メイ首相のときは、離脱期限が到来しても、延期を繰り返してきましたが、ボリス・ジョンソン氏は、延期するつもりはないと発言しています。もし、10月末までに合意できなければ、期限切れによる合意なき離脱となる可能性が高まります。
そのため、英ポンドは軟調な展開が続くのではないかと思います。
■今週はFOMC。注目の利下げは…?
今週(6月17日~)の注目は、18日(火)~19日(水)のFOMC(米連邦公開市場委員会)になります。
パウエルFRB(米連邦準備制度理事会)議長が、「米国経済の動向を注視し、景気拡大を維持させるために適切な行動をとる」と発言していたこともあって、利下げが実施される可能性が高まっています。

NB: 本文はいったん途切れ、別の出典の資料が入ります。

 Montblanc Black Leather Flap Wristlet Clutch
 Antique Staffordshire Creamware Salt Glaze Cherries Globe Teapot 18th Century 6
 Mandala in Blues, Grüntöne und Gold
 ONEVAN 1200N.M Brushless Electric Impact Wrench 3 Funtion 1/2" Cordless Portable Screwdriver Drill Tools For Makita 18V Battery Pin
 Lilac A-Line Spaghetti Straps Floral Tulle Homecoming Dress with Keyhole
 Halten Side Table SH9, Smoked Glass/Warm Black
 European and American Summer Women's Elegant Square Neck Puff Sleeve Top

ただ、今回に関しては据え置きで、利下げは7月のFOMCというのが、市場のコンセンサスとなっています。
【参考記事】
●年内2回の米利下げ予想!? リスク回避から米ドル安に。ユーロ/米ドルは1.15ドルへ(6月4日、バカラ村)
6月4日(火)の講演で「適切な行動をとる」と述べたパウエルFRB議長。7月FOMCで利下げが行われるというのが、市場コンセンサスのようだ (C)Bloomberg/Getty Images News
少数派になりますが、今回のFOMCで利下げをするという予想もあるため、据え置きとなれば、瞬間、米ドル高に推移する可能性もありますが、7月に利下げを行う可能性が高いため、その動きは続かないと考えています。
【参考記事】
●6月に米利下げなら大きなサプライズ! 米ドル/円は109円台乗せで売っていいかも(6月10日、西原宏一&大橋ひろこ)
●強まる米利下げ期待、FOMCは失望に注意! クロス円が下落!? 豪ドル/円は戻り売りで(6月17日、西原宏一&大橋ひろこ)
■7月利下げはほぼ織り込み済み。パウエル議長はハト派へ
FOMCで市場が注目するのは、メンバーの金利見通しを示すドットチャートや、パウエルFRB議長の会見になります。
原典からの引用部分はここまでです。